Exclude pictures; retype the lines below from the line containing "Bedroom at 1801" through the end of the records, both ends kept.

┄┄┄┄┄┄

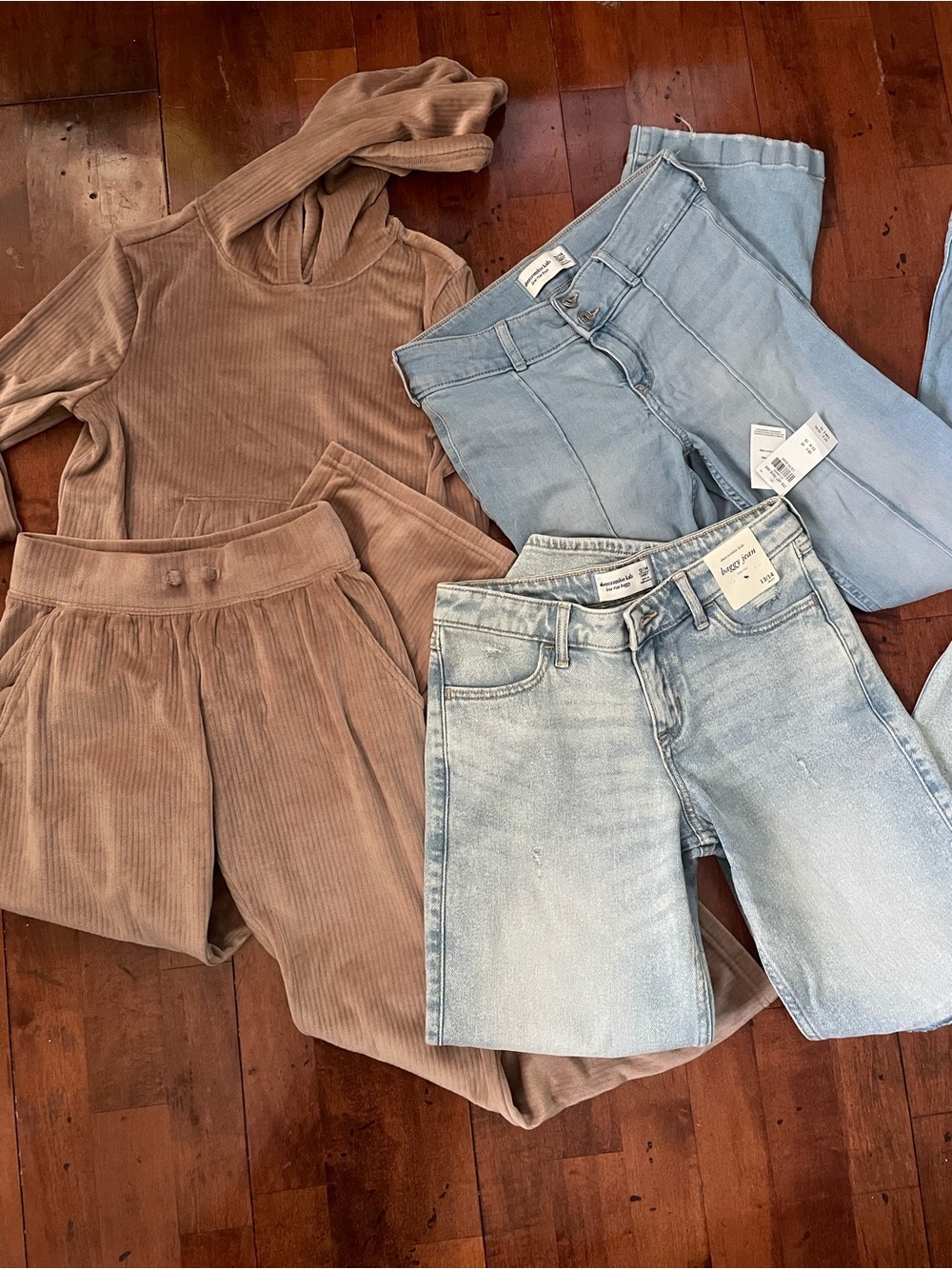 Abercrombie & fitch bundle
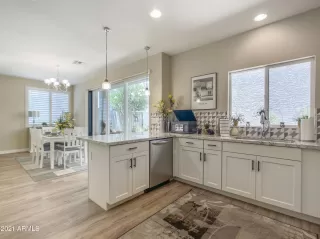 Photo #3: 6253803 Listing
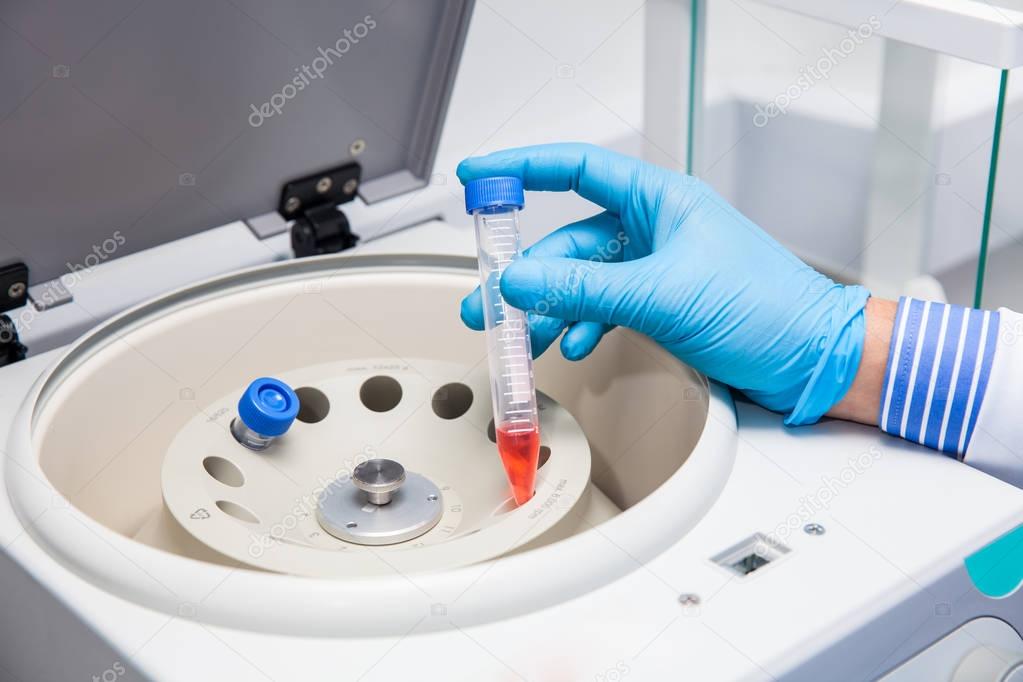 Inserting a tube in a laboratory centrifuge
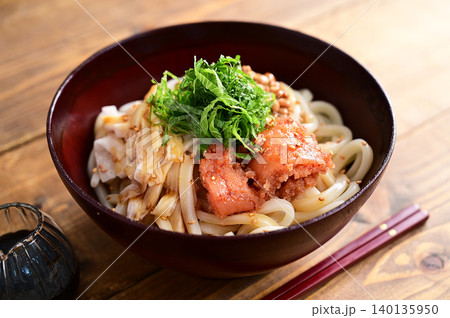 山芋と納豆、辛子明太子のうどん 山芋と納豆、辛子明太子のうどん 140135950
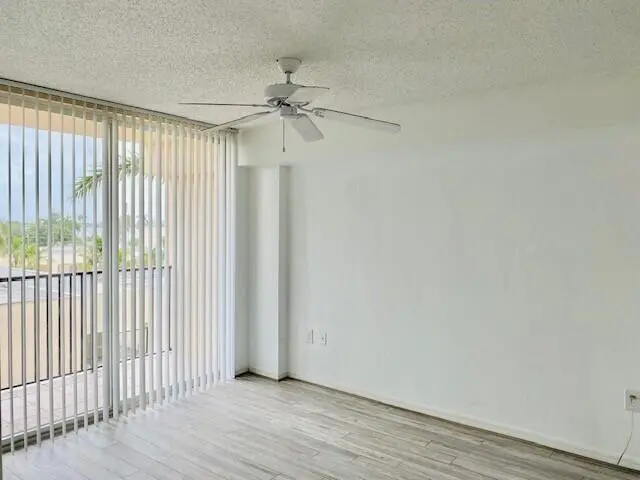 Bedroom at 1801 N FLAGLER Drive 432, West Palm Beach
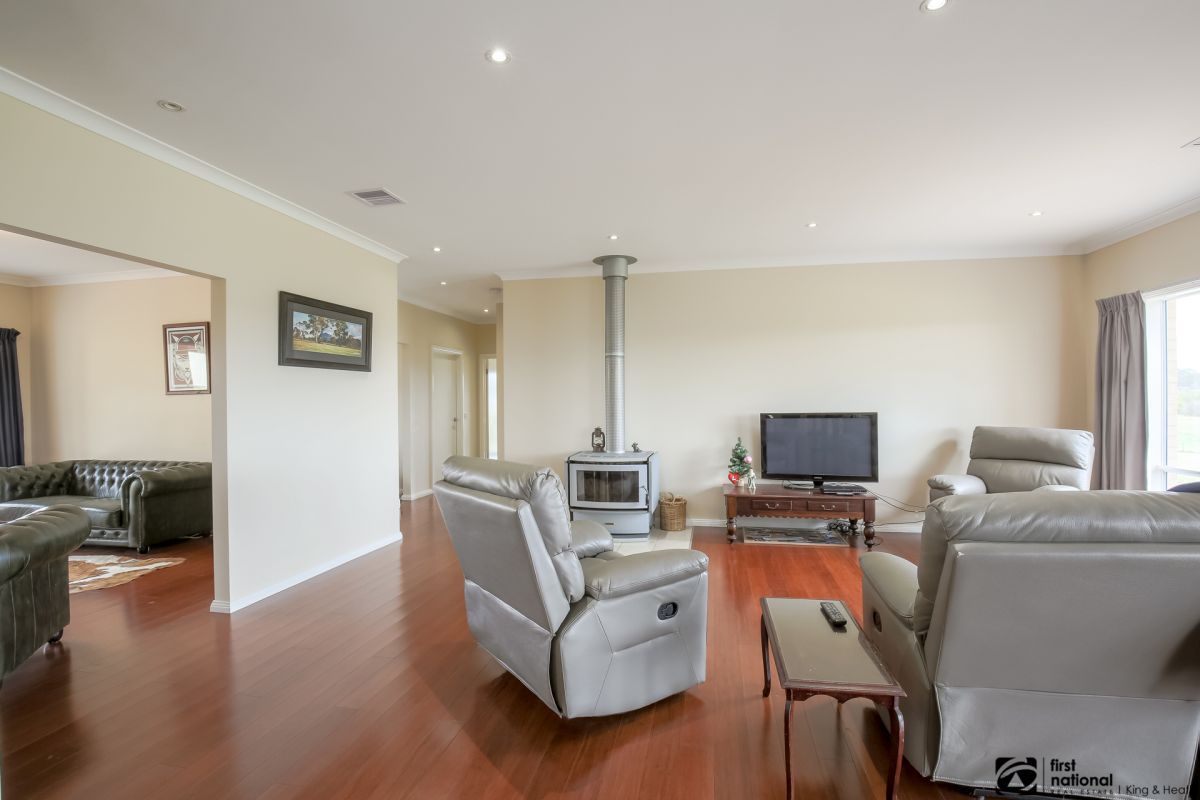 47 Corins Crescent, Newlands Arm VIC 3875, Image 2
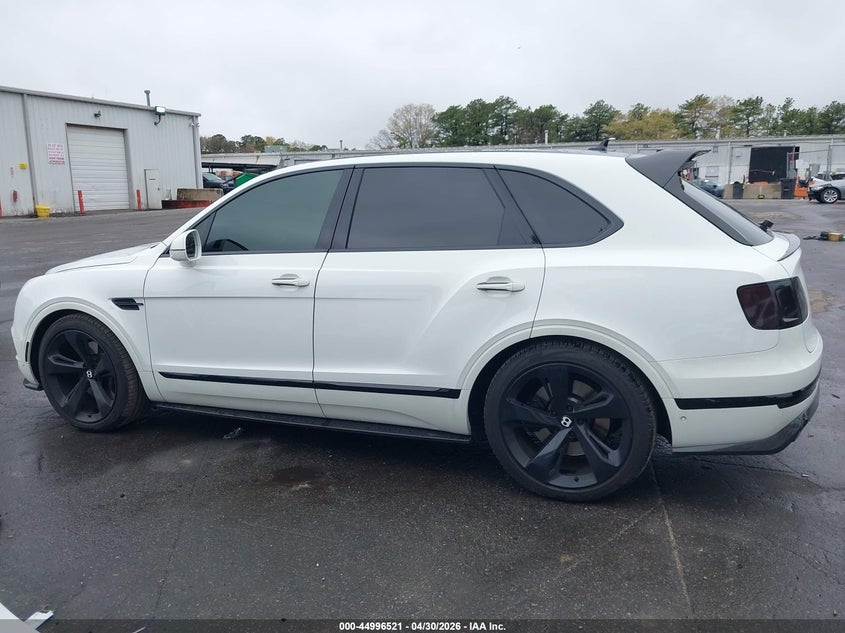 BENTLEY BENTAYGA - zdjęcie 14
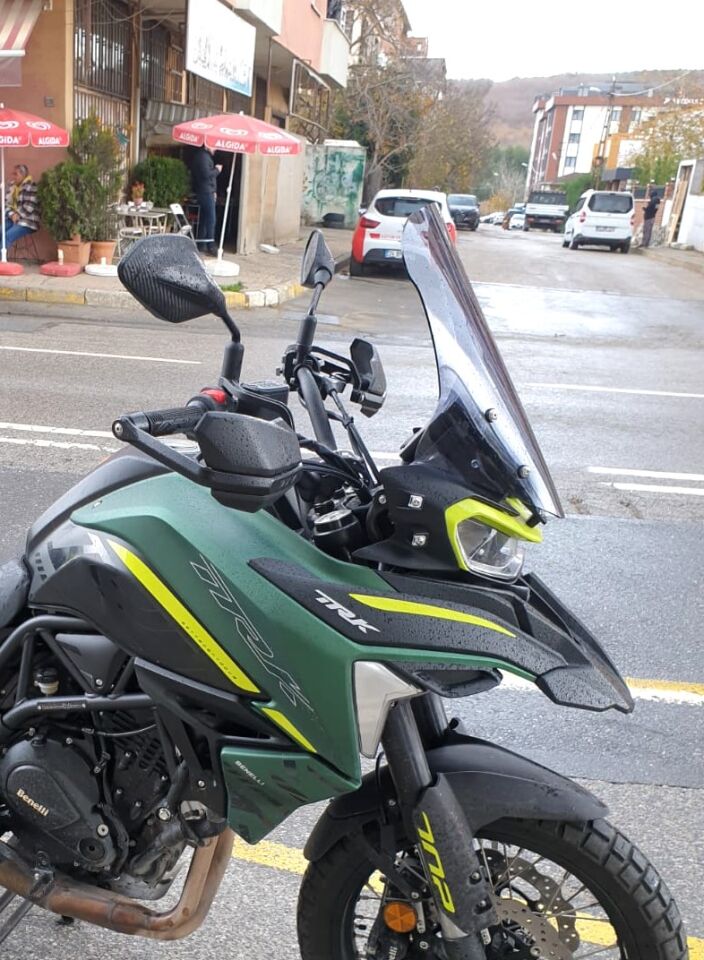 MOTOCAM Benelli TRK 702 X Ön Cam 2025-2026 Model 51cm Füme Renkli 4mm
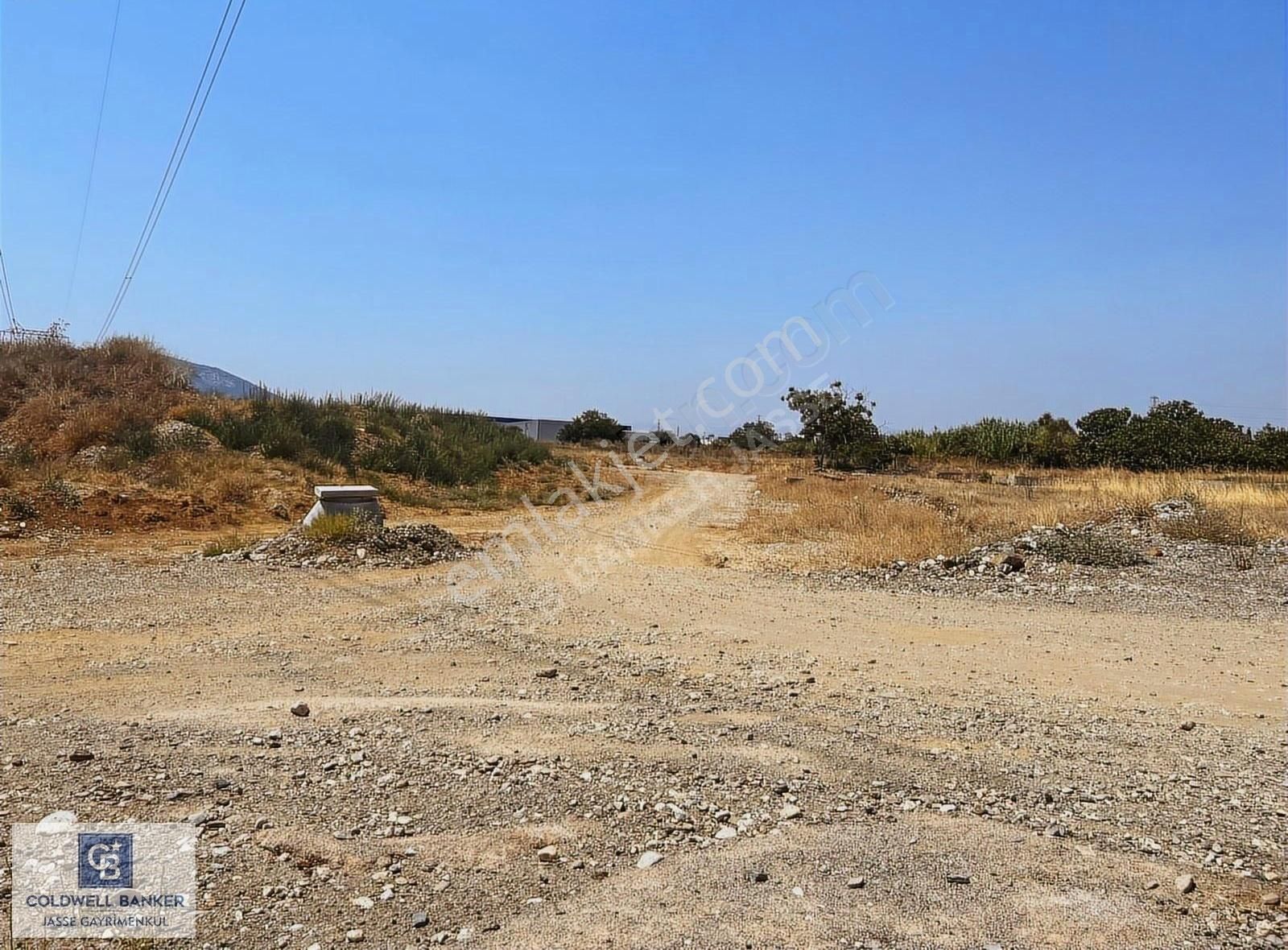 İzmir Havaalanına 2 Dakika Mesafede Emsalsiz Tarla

┄┄┄┄┄┄

**The answer**
 Bedroom at 1801 N FLAGLER Drive 432, West Palm Beach
 47 Corins Crescent, Newlands Arm VIC 3875, Image 2
 BENTLEY BENTAYGA - zdjęcie 14
 MOTOCAM Benelli TRK 702 X Ön Cam 2025-2026 Model 51cm Füme Renkli 4mm
 İzmir Havaalanına 2 Dakika Mesafede Emsalsiz Tarla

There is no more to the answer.